Dataset excerpts.
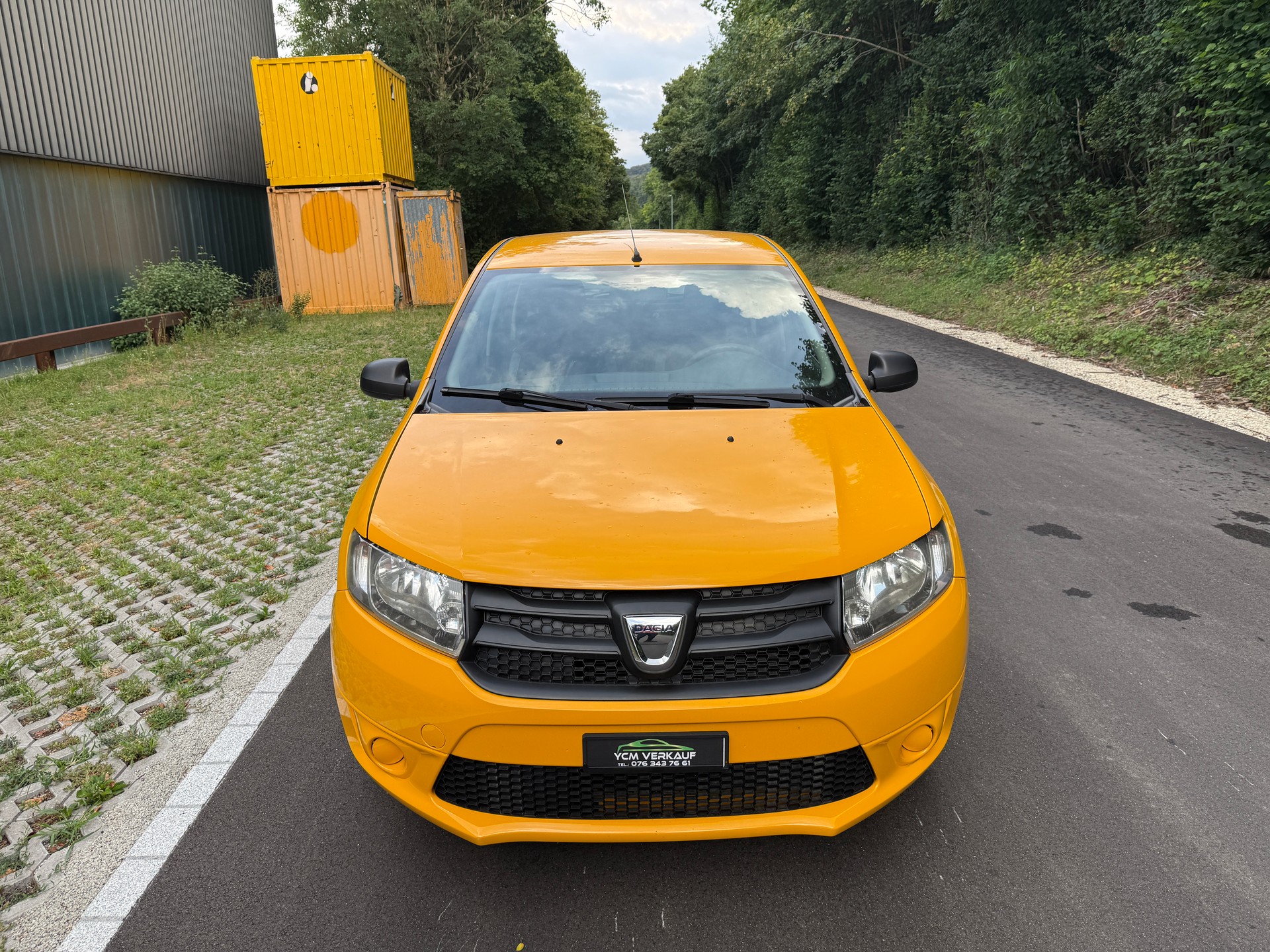 DACIA Sandero 1.2 Ambiance-showroom-element-1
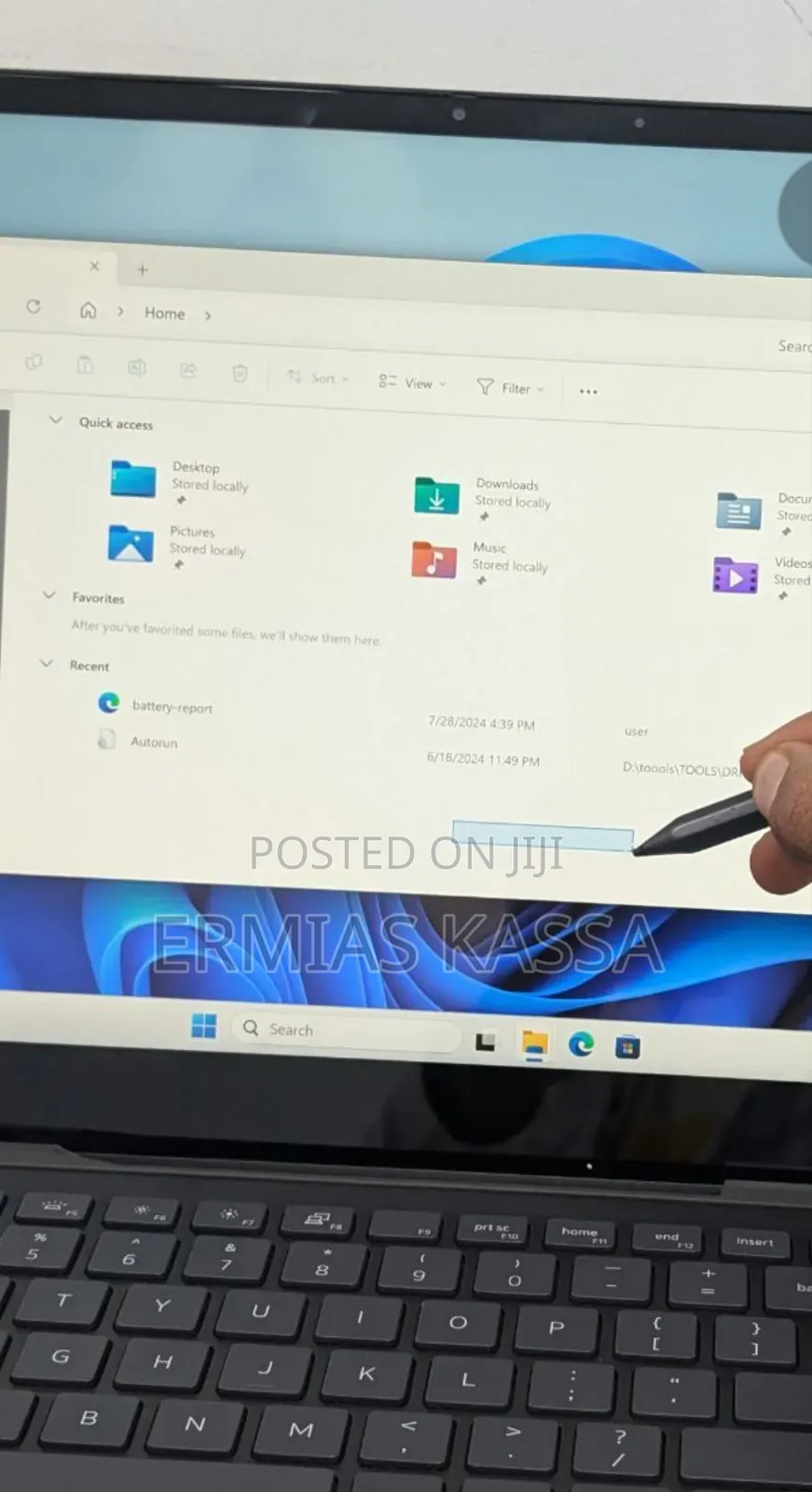 New Laptop Dell Inspiron 7566 16GB Intel Core I7 SSD 1T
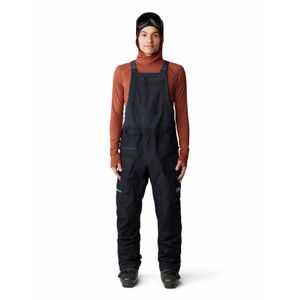 Pantalón De Nieve Hombre Boundary Ridge Negro Mountain Hardwear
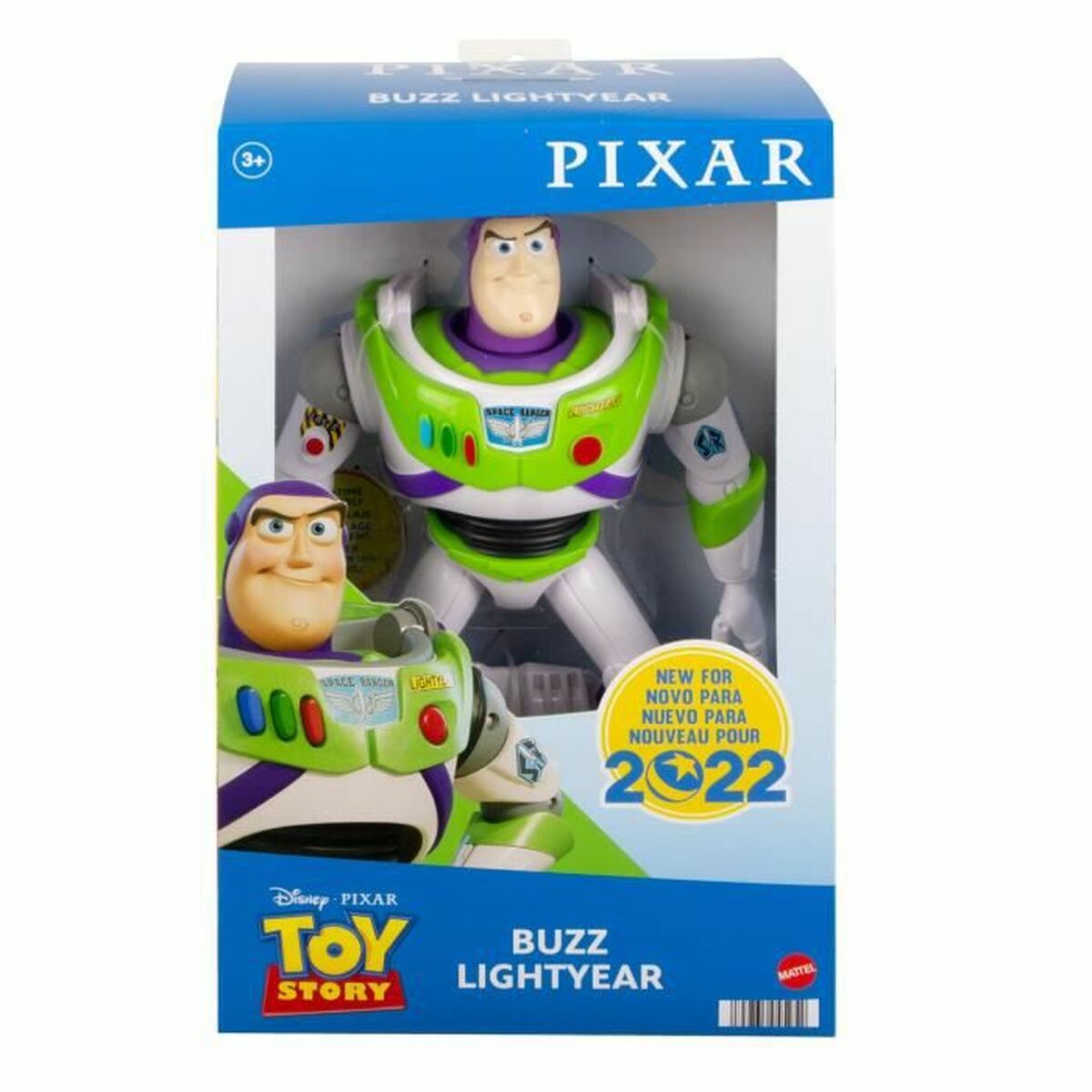 Figurine de Acțiune Mattel Buzz - Jucarii si jocuri, Păpuși și figurine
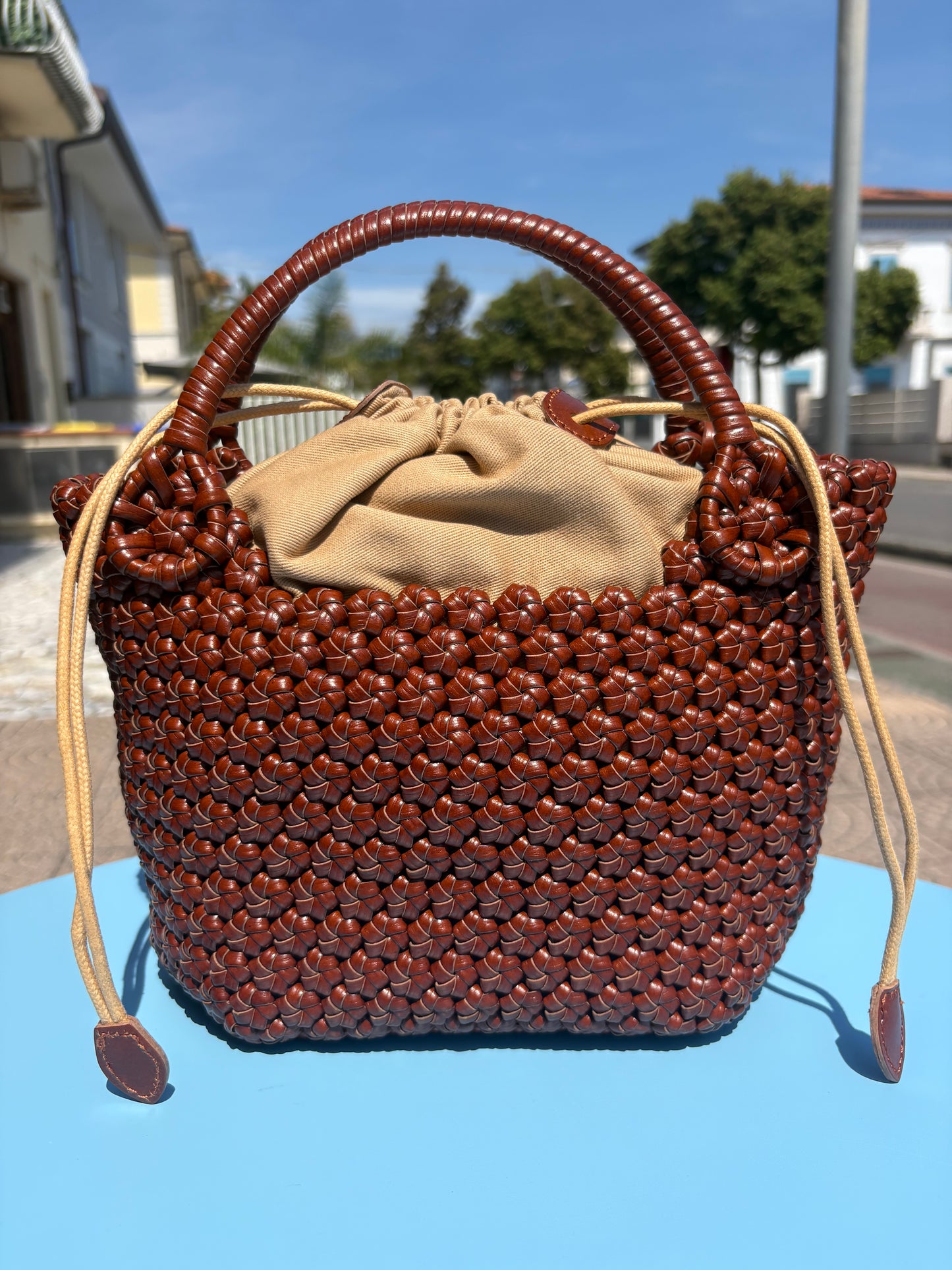 Canestro twist luxury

Problem details.
The result should be the full material above, word for word, with its pictures omitted.

Exercise output.
 DACIA Sandero 1.2 Ambiance-showroom-element-1
 New Laptop Dell Inspiron 7566 16GB Intel Core I7 SSD 1T
 Pantalón De Nieve Hombre Boundary Ridge Negro Mountain Hardwear
 Figurine de Acțiune Mattel Buzz - Jucarii si jocuri, Păpuși și figurine
 Canestro twist luxury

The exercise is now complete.